Aspidorhynchiformes (from New Latin "shield-snout forms") is an extinct order of ray-finned fish. It contains only a single family, the Aspidorhynchidae. Members of the group are noted for their elongated, conical rostrums, of varying length, formed from fused premaxillae. They are generally interpreted as stem-group teleosts. The range of the group extends from the Middle Jurassic to the late Paleocene.

Taxonomic history
The order was described by Pieter Bleeker in 1859.
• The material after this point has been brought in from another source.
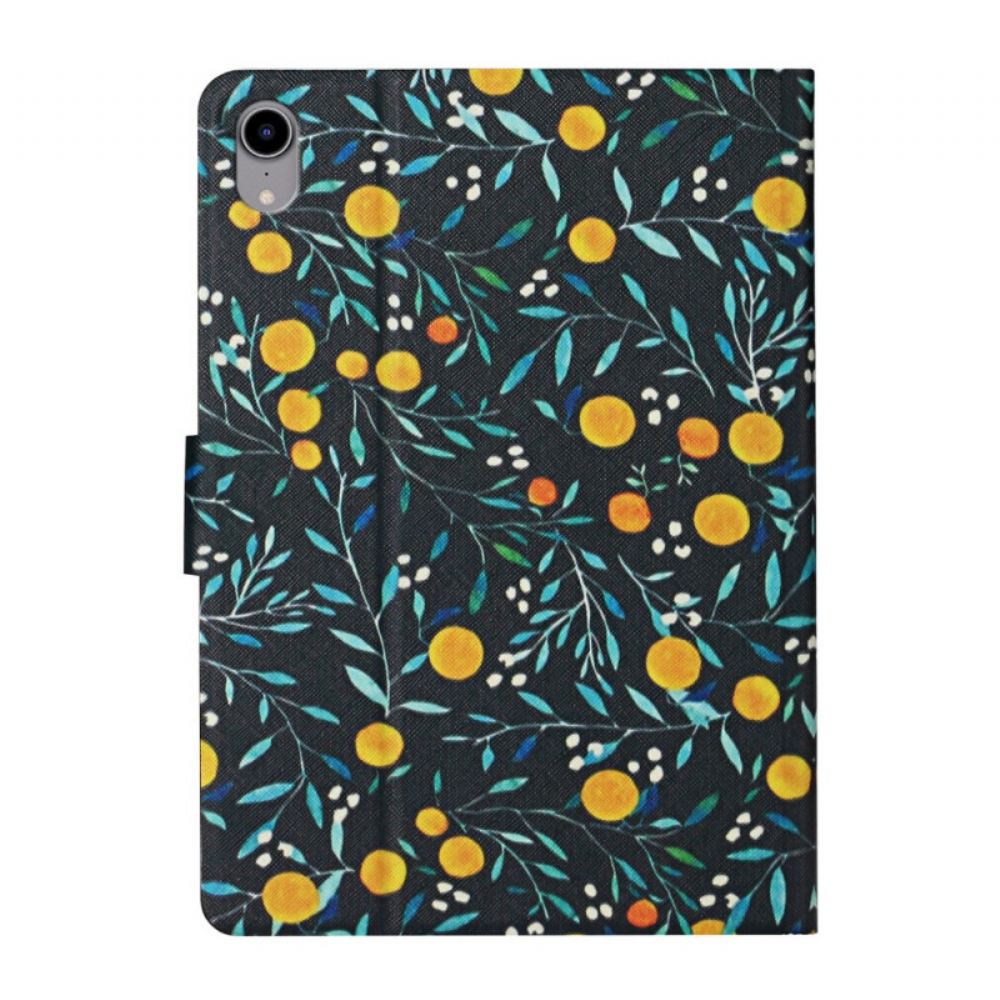 Flipové Pouzdro Na iPad Mini 6 (2021) Květiny Květiny Květiny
Aspidorhynchiformes has one family, which is divided into at least two genera:
 Order †Aspidorhynchiformes Bleeker 1859 [Aspidorhynchida; Aspidorhynchoidei Bleeker 1859]
 Family †Aspidorhynchidae Bleeker 1859 [Vinctiferidae Silva Santos 1990; Diphyodontidae Jordan 1923]
 Genus †Jonoichthys Gouiric-Cavalli 2015
 Genus ?†Ophirachis Costa 1854
 Genus †Platycerhynchus Costa 1864
 Genus †Pseudovinctifer Arratia 2015
 Genus †Richmondichthys Bartholomai 2004
 Genus †Aspidorhynchus Agassiz 1833 non Fitzinger 1843
 Genus †Belonostomus Agassiz 1834 [Dichelospondylus Costa 1856; Hemirhynchus Kner 1867 non Agassiz 1844 non Hodgson 1843; Diphyodus Lambe 1902] 
 Genus †Vinctifer Jordan 1920

Fossils range have been found in the United States, France, Italy, Russia, Saskatchewan, Alberta, North Dakota, Montana, Wyoming, and Uzbekistan.  These fossils range from 167.7mya (Aspidorhynchus) to 66 mya (Belonostomus longirostris).

Anatomy 

The most distinctive feature of the Aspidorhynchiformes are the elongated, tube-like rostrums, which are formed from fused premaxillary bones. The scales are lepidosteoid, similar to those of gars.

Taxonomy 
Aspidorhynchiformes have generally been recovered as basal members of Teleosteomorpha, more closely related to teleosts than to Holostei. They have often considered to have a sister group relationship with Pachycormiformes, another group of basal teleosteomorphs.

Evolutionary history 
The earliest known remains of the group are known from the Middle Jurassic of Europe, in what was then the western Tethys Ocean, which was likely the centre of their initial diversification, during the Late Jurassic they dispersed to the waters around the Caribbean, South America and Antarctica. During the Cretaceous they dispersed worldwide. The youngest members the group, belonging to Belonostomus went extinct during the late Paleocene.